> Data extract
======
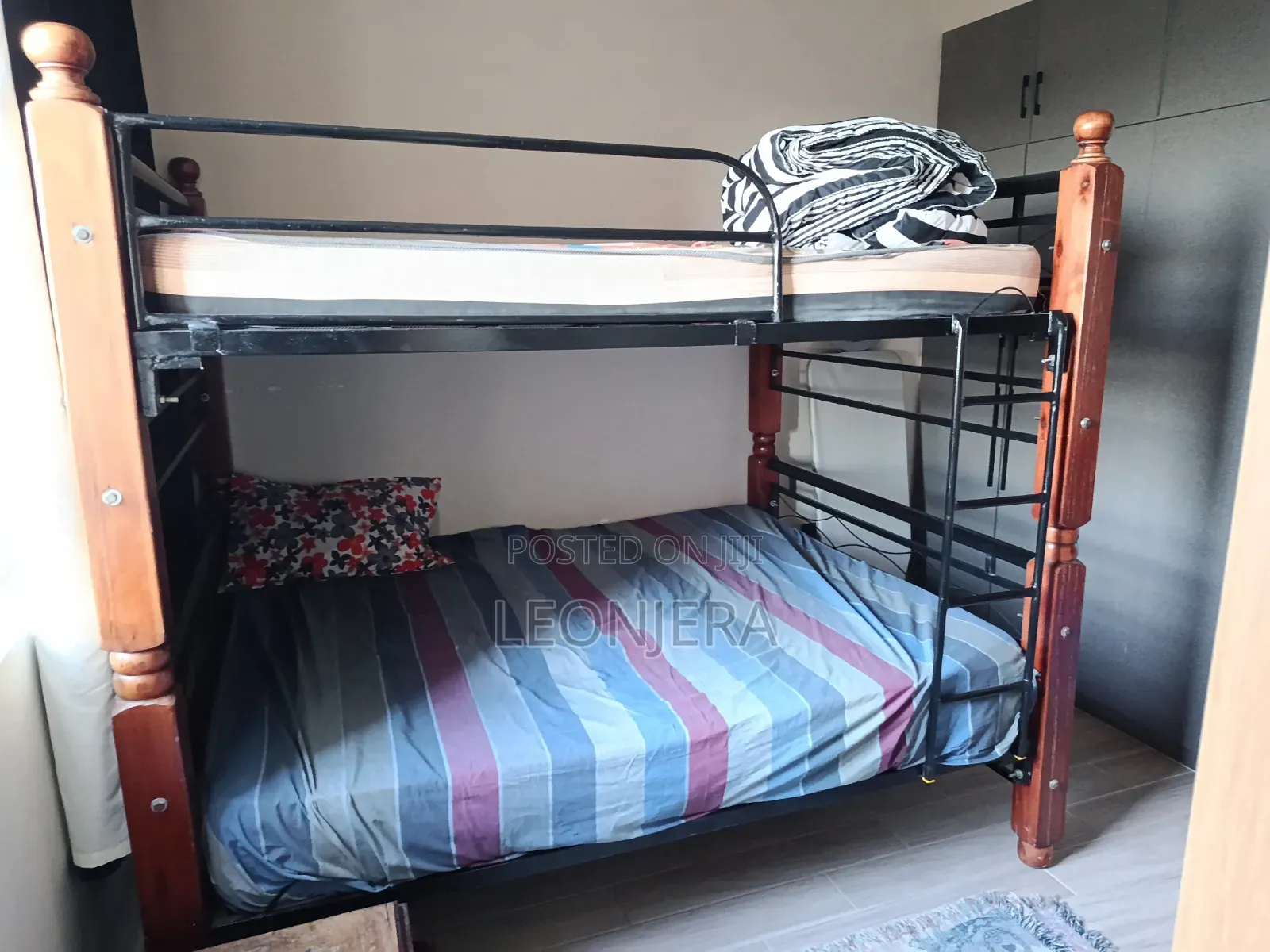 Double Deck Metallic Bed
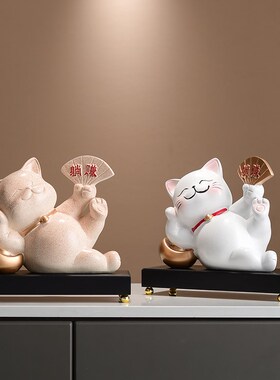 2024年c新款创意招财猫装饰工作室办公桌面餐饮店服装店收银台摆
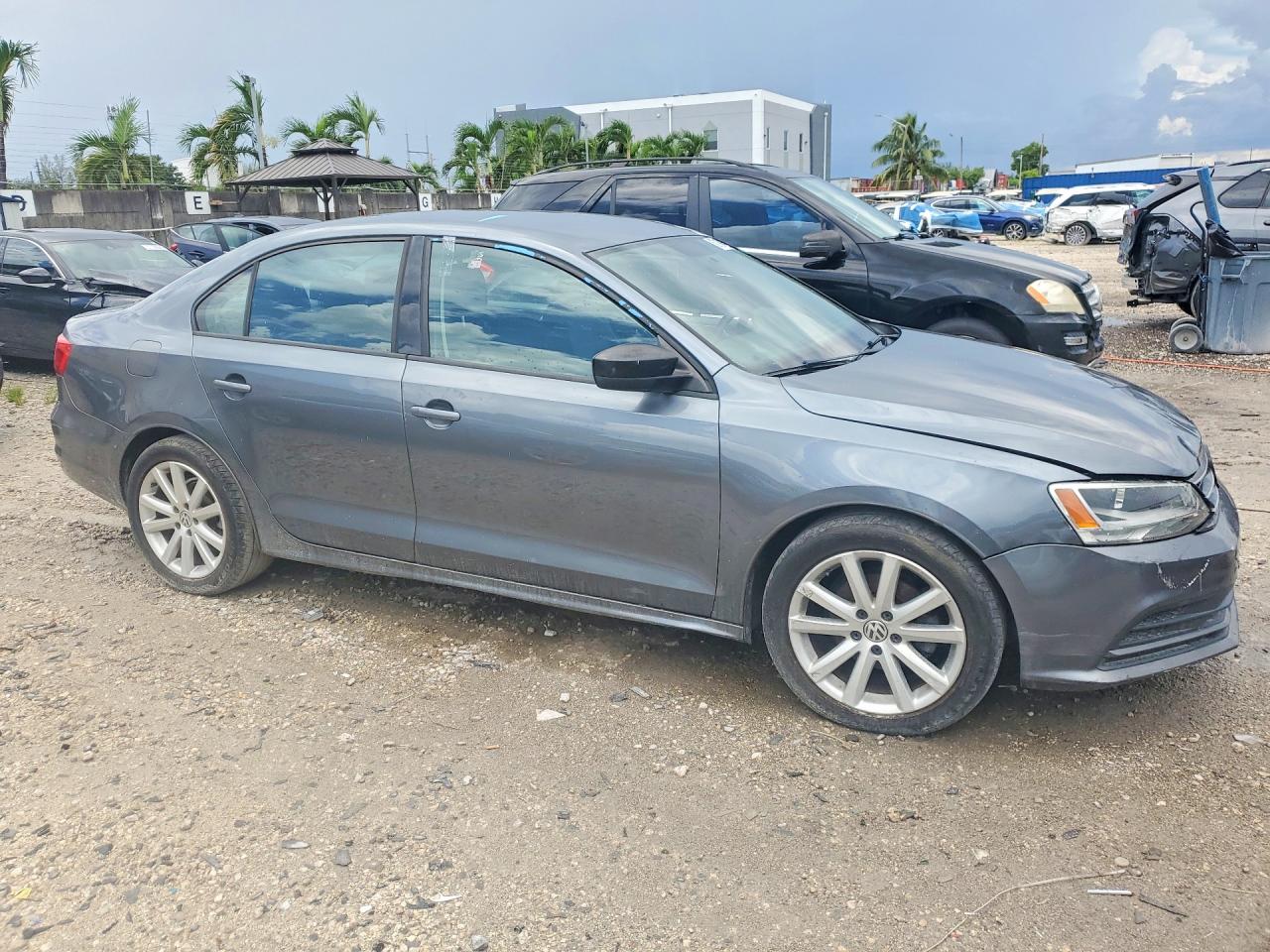 2015 Volkswagen Jetta Base Gray vin: 3VW2K7AJXFM213544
======
> The problem
Please produce an exact copy of the listing, omitting the pictures.

> Answer below
 Double Deck Metallic Bed
 2024年c新款创意招财猫装饰工作室办公桌面餐饮店服装店收银台摆
 2015 Volkswagen Jetta Base Gray vin: 3VW2K7AJXFM213544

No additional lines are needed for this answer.